EXERCISE GOAL: Repeat only what runs from the line with "Дистиллят ТГК THC" through the last line of the data below, both included, keeping every word as it is and leaving out the pictures.

RAW DATA:
[Start of section]
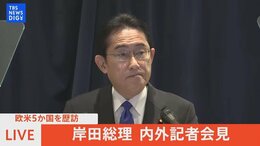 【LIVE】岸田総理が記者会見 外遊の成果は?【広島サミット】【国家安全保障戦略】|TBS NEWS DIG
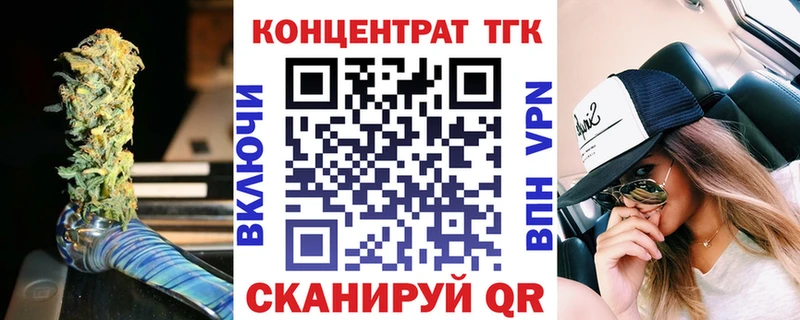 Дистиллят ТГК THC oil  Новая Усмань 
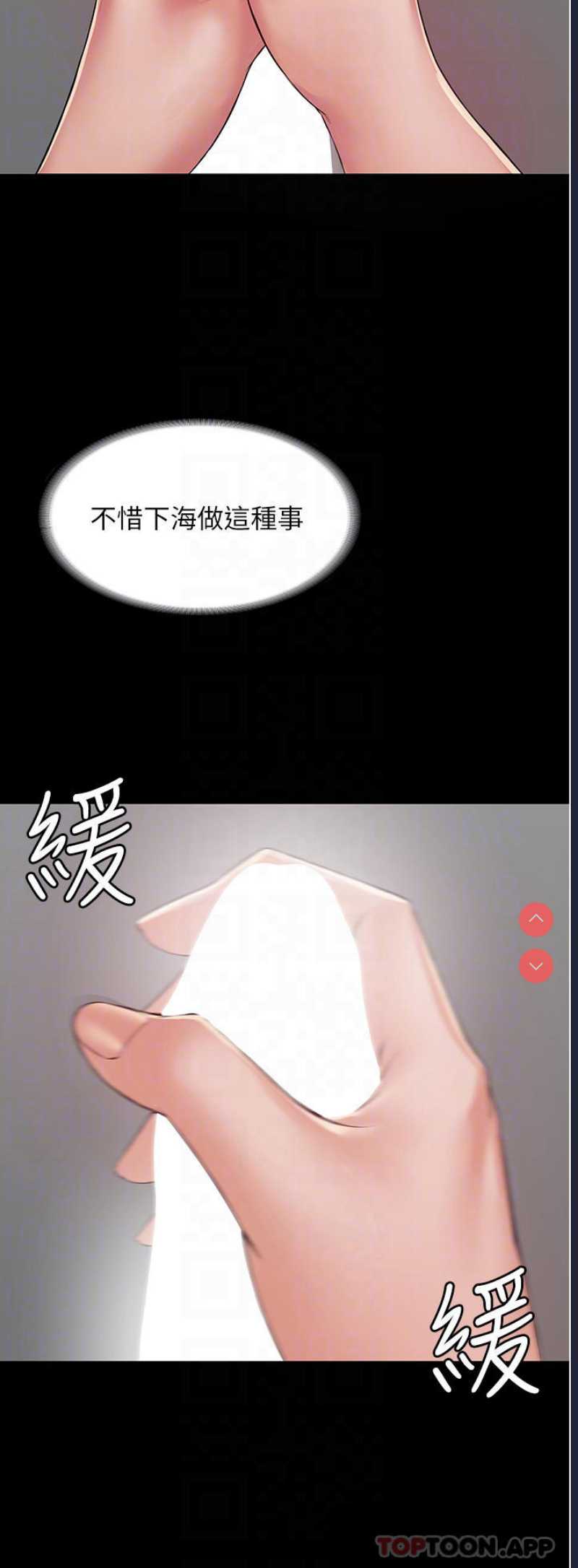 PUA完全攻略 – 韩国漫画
[End of section]
EXERCISE RESPONSE:
 Дистиллят ТГК THC oil  Новая Усмань 
 PUA完全攻略 – 韩国漫画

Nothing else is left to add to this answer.